Some weather-beaten information panels along the walk
Excellent boardwalks all the way, in the finest tradition of US national parks.
And exemplary swamps
It's not easy to love a swamp, but the boardwalk helps.
And a very nice bridge at the end of our trail. But no Mounds.
'Lest we forget', dedicated to Our Nations Defenders: in Garnavillo, Iowa, memorials to 'Those who served' and Rosilie Dutka.
An unsold condo in Bellevue, Iowa
Open plan livingroom and good Mississippi views from the deck out front
And two small bedrooms, a windowless study of 2x4m, and a private elevator to carry you up 9 feet from the ground floor
Fine views of the Mississippi
Downtown Bellevue, population ca. 2,000 -- originally called Bell View in the 1830s, after John D Bell, later sensibly changed to Bellevue, which is true. Having overcome its bad reputation following the Bellevue War of 1840, the town vied for a time for the honor of being the country seat, but by 1873 had lost out. The city motto is 'a true riverfront experience'.
Upper Mississippi Lock and Dam no. 12
Potentially endless hours of fun watching cargo barge trains passing through the locks
Ten minutes in Athens, Ohio
Passing eastward now, we're stopping in in Athens, Ohio, where I spent a funpacked five years in grad school. First time back in half a century, so there will surely be revelations.
Nothing at all was recognizable, until we stumbled across the gateway at the interface between the Ohio University quad and downtown Athens.

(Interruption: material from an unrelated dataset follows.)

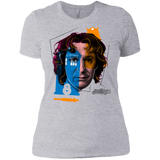 T-Shirts Heather Grey / X-Small Doctor Warwhol 8 Women's Premium T-Shirt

The intersection at Court and Union Streets, scenes ca. 1970 of annual faceoffs between lines of local and state police protecting the shopkeepers' windows and milling crowds of anti-war and merely curious students on the college green, supplemented by a small group of "crazies" who began throwing rocks at the cops and turning the social events into dangerous riots.

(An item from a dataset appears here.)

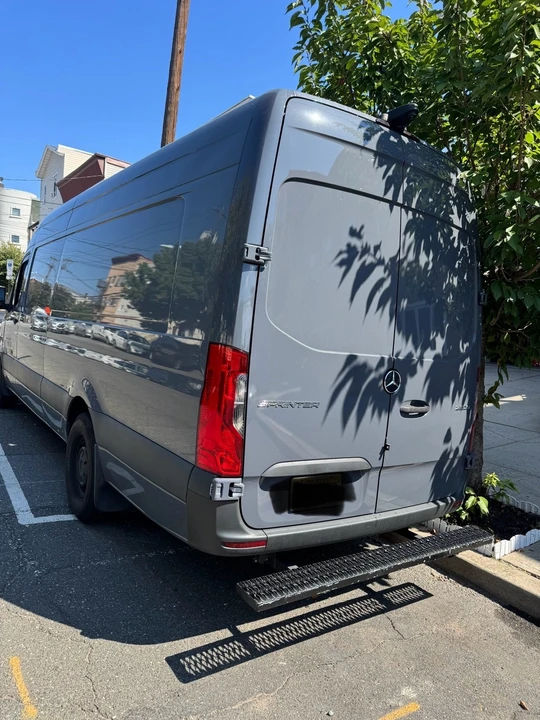 2019 Mercedes-Benz VS30 Sprinter - Image 3 of 4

The bookstore on the corner, now part of the Follett's chain of college bookstores, in the late sixties known as Logan's with, amongst the textbooks, sweatshirts, and beer mugs with logos, a scholarly section in the basement that was willing to let an impoverished graduate student run up an $800 tab. A home away from home.
We're used to the idea that young people look younger every year as we get older, but these throngs of young people look almost pre-teen; very unsettling. Happily, it turned out that this was Freshman Day, when the incoming highschoolers were deposited on campus by their solicitous parents.
The college green of nostalgic memory . . .
. . . which is becoming tiresome to the rest of our party.
The University seems to have grown enormously, and unrecognizably over that expanse of time, but thankfully they have not touched the green itself.
Now a college of communications, but before renovations this was Baker Centre, the student union, scene of many intense debates in the coffee shop about Renaissance drama (and Vietnam, presumably). A new Baker University Centre replaced it just down the hill in 2007. The renovations to the old centre were completed in 2013.
Union Street along the college green, across from the new college of communications building -- more nostalgia. Walking to my office a few days after the Kent State Massacre on 4 May 1970, when Ohio National Guard units gunned down unarmed students, I passed the very same National Guardsmen posted at every parking meter following the forced closing of Ohio University as well. Widely viewed in photos in the Cleveland Plain-Dealer at the time, fully kitted out in their Intimidation Gear and looking like robot-like Star Warriors/Nazi SS death squads, now, without the gas masks and battle postures, they turned out to be skinny, frightened teenagers who'd joined the National Guard to avoid being sent to Vietnam.
National Guard outside the Baker Centre student union, days following 4 May 1970
Nearly the only other thing I've recognized in our quarter of an hour in Athens, Ohio: Ellis Hall on University Terrace, backing onto the College Green, then as now the home of the English Department.
Onward to Leesburg, Virginia, for a few days of errands, and then to the Dulles International Airport and back home.